Stored entries:

*** Begin section ***

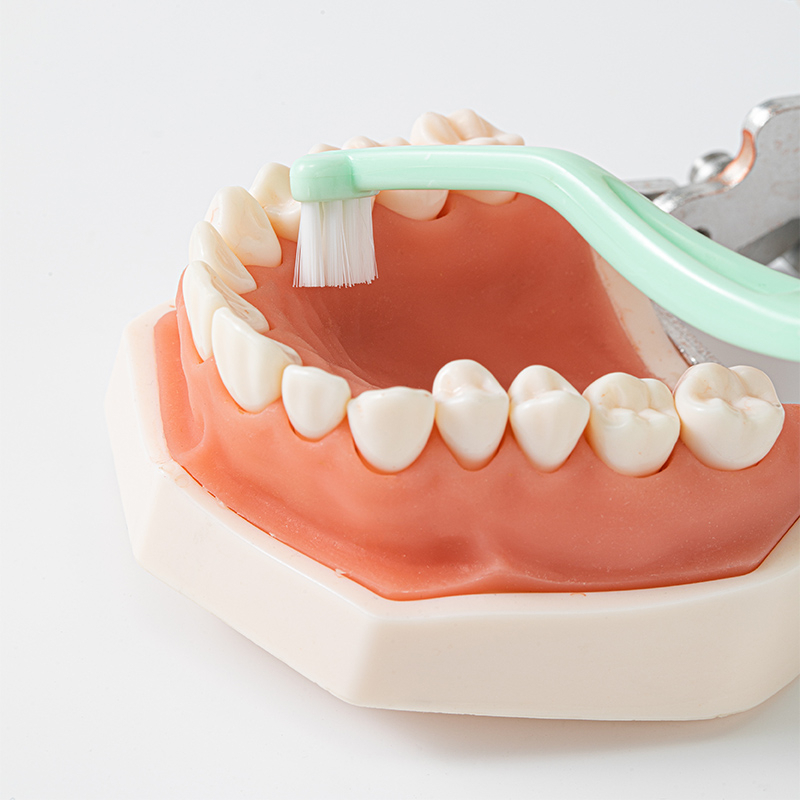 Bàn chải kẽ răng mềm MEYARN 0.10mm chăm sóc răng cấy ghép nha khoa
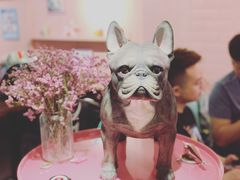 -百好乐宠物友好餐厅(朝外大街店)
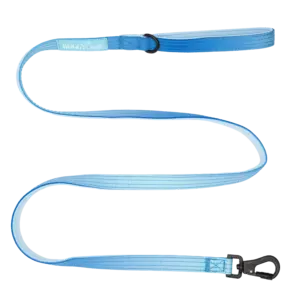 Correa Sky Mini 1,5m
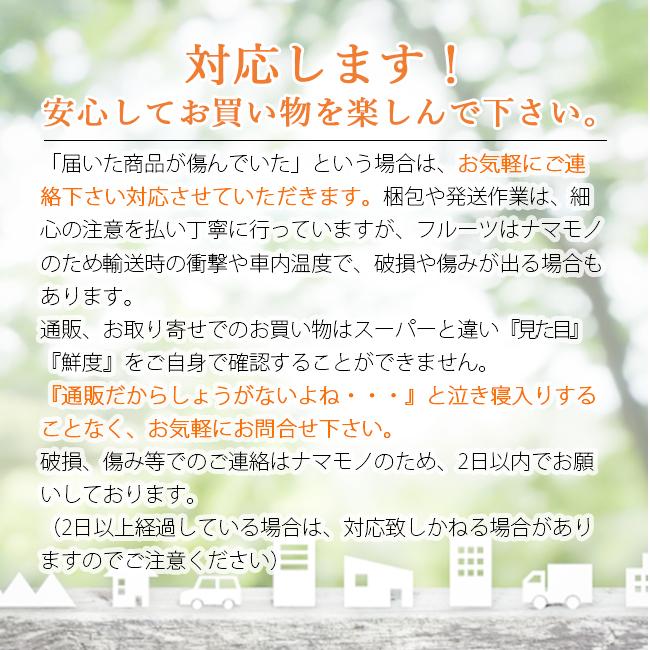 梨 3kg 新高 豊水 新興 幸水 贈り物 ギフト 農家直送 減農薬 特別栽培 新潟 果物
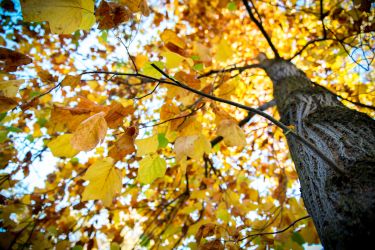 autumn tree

*** End section ***

Please write every line above out exactly as given, except for any pictures.

 Bàn chải kẽ răng mềm MEYARN 0.10mm chăm sóc răng cấy ghép nha khoa
 -百好乐宠物友好餐厅(朝外大街店)
 Correa Sky Mini 1,5m
 梨 3kg 新高 豊水 新興 幸水 贈り物 ギフト 農家直送 減農薬 特別栽培 新潟 果物
 autumn tree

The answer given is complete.